There were 255 million requests to BBC iPlayer in March, with a weekly average of 57 million requests.
However, the BBC points out that measurement issues during the month meant that it was unable to capture a large volume of TV requests.
It estimates that around 6 million requests from TV platforms are missing.
In addition, it says that radio requests have changed as a result of updates to radio streaming services.
The total number of TV requests in March stood at 221 million, down 9% on February.
Computer requests accounted for 68 million of the total – the highest figure for a year.
They were followed by tablets (59 million), mobile devices (46%), TV platform opeartors (24 million) and internet TV/connected devices (6 million).
Weekly requests peaked in the first week of the month, driven by Top Gear and The Voice battle round episode.
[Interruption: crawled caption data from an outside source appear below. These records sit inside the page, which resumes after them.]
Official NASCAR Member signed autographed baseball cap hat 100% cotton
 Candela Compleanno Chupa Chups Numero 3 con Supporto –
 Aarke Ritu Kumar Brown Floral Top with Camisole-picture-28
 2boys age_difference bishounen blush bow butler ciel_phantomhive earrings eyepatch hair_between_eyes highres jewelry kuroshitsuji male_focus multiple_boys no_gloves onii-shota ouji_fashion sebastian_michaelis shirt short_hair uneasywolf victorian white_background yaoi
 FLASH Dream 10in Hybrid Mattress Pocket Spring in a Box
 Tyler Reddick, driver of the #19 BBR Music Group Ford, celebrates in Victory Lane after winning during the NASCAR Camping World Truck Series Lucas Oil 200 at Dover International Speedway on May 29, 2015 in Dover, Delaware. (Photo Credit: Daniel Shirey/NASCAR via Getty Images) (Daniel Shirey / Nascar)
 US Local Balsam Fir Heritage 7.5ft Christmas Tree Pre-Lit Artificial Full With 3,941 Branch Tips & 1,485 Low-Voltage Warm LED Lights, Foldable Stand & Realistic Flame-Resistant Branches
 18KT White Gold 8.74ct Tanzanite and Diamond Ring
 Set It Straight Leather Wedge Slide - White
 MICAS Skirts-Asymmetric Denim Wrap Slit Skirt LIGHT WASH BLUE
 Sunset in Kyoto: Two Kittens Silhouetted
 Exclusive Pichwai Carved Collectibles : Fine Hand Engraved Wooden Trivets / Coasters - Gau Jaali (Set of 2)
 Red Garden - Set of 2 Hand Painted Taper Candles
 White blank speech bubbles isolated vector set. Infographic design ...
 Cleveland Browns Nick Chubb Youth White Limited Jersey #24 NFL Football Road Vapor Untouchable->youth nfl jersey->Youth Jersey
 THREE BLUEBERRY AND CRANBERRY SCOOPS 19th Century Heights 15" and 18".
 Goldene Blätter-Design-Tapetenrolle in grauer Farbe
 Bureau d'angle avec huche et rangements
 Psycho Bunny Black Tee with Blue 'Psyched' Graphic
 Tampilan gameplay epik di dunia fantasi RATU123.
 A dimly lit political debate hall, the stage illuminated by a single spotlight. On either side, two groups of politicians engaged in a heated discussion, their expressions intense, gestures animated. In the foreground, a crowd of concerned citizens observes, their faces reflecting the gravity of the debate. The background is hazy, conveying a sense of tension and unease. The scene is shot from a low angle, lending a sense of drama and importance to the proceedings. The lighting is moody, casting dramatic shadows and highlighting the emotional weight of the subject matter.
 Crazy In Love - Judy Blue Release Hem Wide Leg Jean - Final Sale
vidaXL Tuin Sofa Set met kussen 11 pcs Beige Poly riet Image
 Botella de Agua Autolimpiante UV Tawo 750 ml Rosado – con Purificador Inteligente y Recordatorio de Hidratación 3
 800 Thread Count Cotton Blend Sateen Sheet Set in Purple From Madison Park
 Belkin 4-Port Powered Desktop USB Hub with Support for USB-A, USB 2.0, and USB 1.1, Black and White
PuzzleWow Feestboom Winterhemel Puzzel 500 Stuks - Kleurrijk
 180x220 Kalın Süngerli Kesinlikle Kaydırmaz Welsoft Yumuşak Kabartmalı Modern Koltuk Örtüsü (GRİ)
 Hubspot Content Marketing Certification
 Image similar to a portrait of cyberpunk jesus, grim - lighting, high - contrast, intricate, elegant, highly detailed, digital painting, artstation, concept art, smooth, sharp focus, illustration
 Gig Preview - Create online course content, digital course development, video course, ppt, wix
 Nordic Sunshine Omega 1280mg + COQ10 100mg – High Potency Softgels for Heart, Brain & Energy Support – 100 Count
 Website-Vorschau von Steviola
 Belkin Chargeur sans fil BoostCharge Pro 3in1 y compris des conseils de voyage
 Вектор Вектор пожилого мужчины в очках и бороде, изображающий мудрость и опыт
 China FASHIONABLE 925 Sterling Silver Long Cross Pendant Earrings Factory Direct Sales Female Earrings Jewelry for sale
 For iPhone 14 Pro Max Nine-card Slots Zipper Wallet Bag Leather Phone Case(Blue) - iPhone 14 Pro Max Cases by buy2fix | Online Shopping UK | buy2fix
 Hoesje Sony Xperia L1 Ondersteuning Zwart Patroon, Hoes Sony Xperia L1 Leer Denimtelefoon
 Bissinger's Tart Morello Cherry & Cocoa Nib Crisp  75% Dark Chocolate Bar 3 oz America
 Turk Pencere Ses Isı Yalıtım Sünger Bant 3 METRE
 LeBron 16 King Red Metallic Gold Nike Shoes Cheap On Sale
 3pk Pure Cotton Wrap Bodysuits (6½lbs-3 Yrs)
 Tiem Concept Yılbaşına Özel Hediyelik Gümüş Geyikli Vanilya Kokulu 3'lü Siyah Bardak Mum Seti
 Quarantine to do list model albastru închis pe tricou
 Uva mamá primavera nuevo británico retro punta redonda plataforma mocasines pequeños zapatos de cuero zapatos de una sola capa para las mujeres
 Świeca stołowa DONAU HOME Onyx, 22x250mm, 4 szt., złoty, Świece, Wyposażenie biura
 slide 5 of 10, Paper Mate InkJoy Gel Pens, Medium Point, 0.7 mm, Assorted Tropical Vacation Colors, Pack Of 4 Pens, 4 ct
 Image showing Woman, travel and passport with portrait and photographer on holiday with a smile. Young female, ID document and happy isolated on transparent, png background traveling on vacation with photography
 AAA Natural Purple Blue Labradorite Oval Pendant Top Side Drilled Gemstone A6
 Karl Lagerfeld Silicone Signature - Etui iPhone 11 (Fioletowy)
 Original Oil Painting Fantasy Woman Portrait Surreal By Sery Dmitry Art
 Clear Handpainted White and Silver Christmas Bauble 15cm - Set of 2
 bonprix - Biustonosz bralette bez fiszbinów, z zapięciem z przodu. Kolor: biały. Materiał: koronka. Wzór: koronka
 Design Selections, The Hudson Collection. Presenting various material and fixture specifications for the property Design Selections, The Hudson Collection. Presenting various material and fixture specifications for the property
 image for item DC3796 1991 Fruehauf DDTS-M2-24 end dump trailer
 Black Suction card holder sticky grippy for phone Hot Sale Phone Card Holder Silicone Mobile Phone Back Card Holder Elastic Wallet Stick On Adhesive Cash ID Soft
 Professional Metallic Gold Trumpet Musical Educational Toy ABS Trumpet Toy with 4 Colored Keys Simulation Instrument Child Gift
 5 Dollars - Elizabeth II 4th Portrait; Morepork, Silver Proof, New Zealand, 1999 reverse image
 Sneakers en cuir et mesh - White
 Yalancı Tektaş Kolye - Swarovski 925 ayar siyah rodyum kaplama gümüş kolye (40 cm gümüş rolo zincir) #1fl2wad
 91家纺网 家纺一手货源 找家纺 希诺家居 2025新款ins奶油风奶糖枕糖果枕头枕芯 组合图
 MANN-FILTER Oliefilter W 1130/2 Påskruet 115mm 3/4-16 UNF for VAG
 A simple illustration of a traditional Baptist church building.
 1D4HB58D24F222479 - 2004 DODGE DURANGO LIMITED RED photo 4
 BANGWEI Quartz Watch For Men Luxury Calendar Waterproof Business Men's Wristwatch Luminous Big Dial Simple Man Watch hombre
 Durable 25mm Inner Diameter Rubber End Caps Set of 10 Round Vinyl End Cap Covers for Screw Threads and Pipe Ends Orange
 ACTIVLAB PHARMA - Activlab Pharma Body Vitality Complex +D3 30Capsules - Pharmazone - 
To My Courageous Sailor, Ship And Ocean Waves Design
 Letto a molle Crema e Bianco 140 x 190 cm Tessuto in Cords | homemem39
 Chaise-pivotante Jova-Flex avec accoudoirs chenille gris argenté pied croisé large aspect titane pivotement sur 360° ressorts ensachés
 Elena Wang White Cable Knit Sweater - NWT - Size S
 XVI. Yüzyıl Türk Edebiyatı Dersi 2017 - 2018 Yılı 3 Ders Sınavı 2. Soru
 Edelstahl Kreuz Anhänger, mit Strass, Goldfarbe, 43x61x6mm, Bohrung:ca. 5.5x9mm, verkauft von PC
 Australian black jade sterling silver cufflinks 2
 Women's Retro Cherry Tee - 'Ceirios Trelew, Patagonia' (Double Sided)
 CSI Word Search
Top Gear performed well, with the top two episodes delivering over 3.6 million requests in total. Meanwhile, the first episode of the remake of the BBC drama Poldark earned 1.2 million requests.
Other strong performers in March were the second episode of the Comic Relief Bake Off, with over 1 million requests, and a standalone clip from Little Britain with 500,000 requests.
The BBC notes that the profile of iPlayer users has evened out over time in terms of the male/female ratio but remains strongly under 55 in terms of age.
This is in line with home broadband users but not typical of the general profile of TV viewers and radio listeners.
It also says that iPlayer is used for TV at roughly the same time of day as linear TV viewing, although there is proportionally more daytime and late-peak use.
For radio, iPlayer is used far more in daytime than traditional radio listening, which peaks at breakfast-time.